Wild Is the Wind

Hollywood's finest director of actresses met the great Italian film diva in Wild Is the Wind. Magnani's quicksilver passions adapted interestingly to the world of American melodrama, while her costar, Anthony Quinn, had a passing acquaintance with Italian neorealism in Fellini's La Strada. In this film, set (and shot on location) in the extreme heat and cold of the Nevada plains, Gino (Quinn), a wealthy Nevada sheeprancher, brings over his late wife's sister (Magnani) from Italy as his bride in the vain hope of recreating his first marriage. (It is a strange kind of type-casting that has Magnani involved in the resurrection of a dead spouse in both of tonight's films.) Her robust humor and rowdy sensuality make her loneliness and isolation all the more poignant as she embarks on an affair with ranch-hand Anthony Franciosa; she has something in common with the doomed animals, as Cukor's direction makes clear.
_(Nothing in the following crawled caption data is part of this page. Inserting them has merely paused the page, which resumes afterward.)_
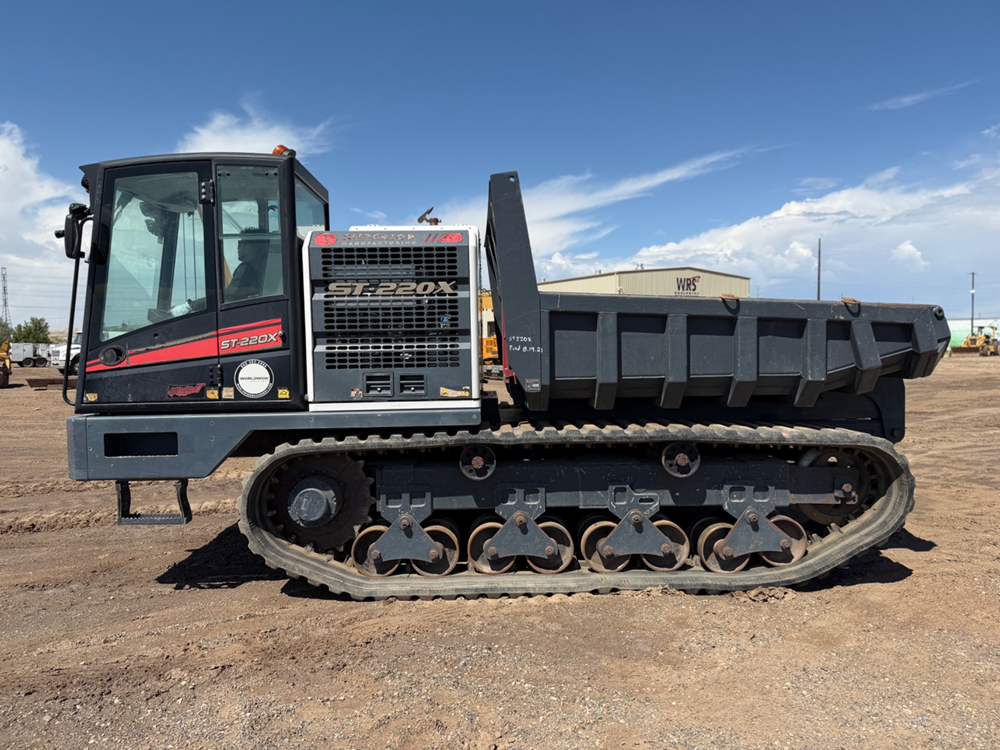 2020 Superior ST220X Crawler Carrier - Image 2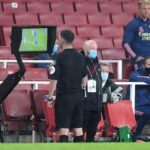 Futbol hakimi VAR monitorunda epizodu yoxlayir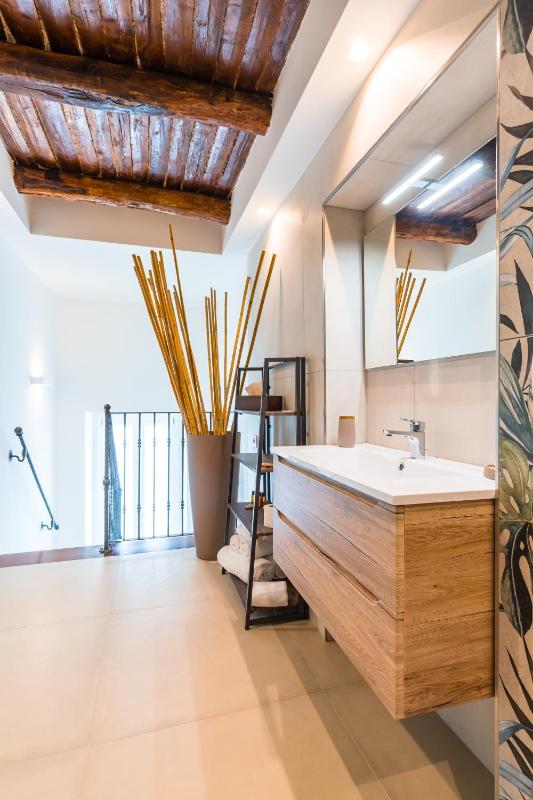 Residenza Partanna by Napoliapartments - image 4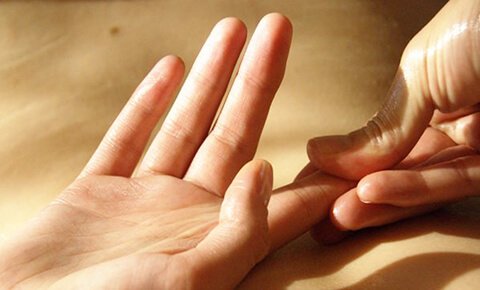 Nhìn tay đo tuổi thọ: Ai có 5 dấu hiệu này trên ngón tay thường sống rất lâu!- Ảnh 3.
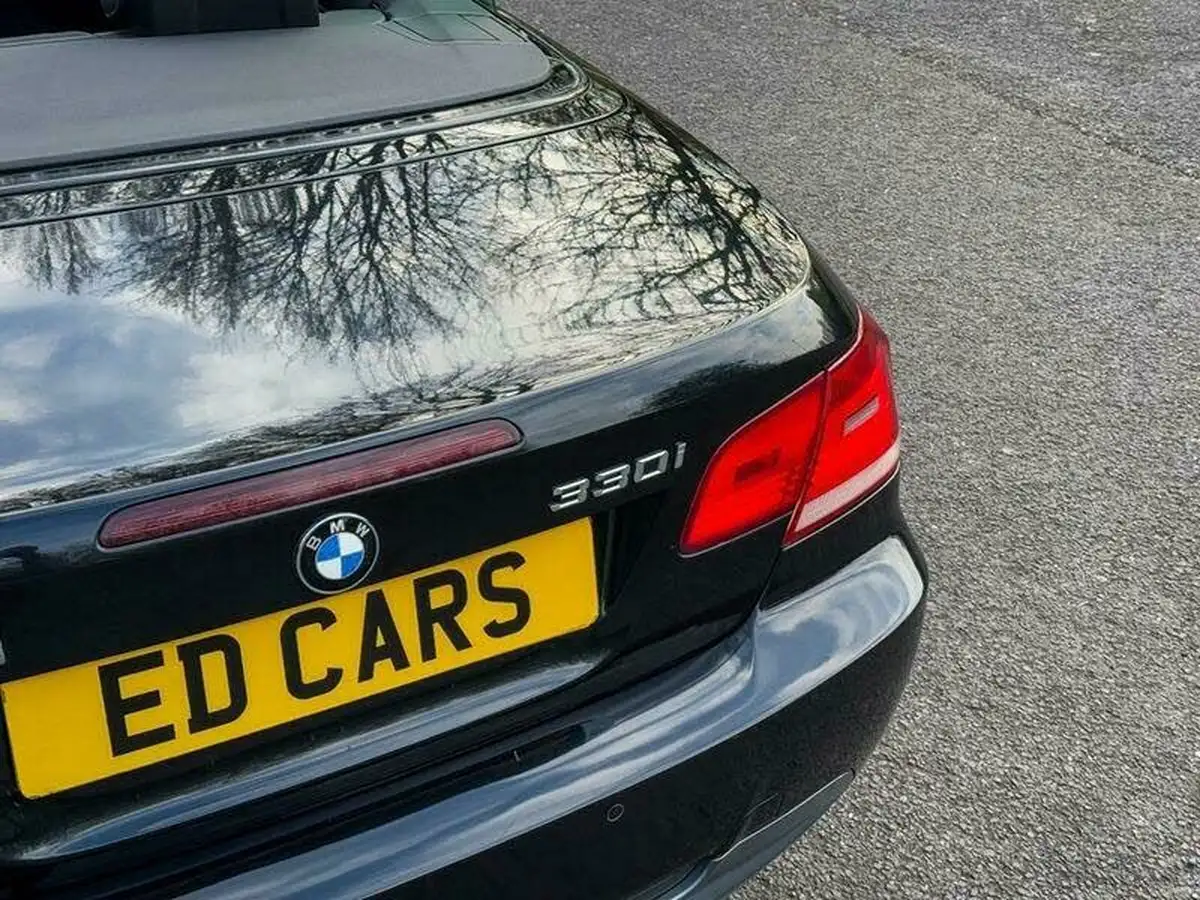 2009-bmw-3-series-30-330i-m-sport-convertible-2d-auto-big-12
For her second American film, Magnani received her second Oscar nomination, in a performance described by Gordon Gow, in Hollywood in the Fifties, as "rich in those small details she endows with the complete illusion of spontaneity, whether exploding with mirth at the sight of a paper cup emerging from a coffee machine or expressing a swift and sympathetic concern for a lassoed stallion as it tumbles to the ground."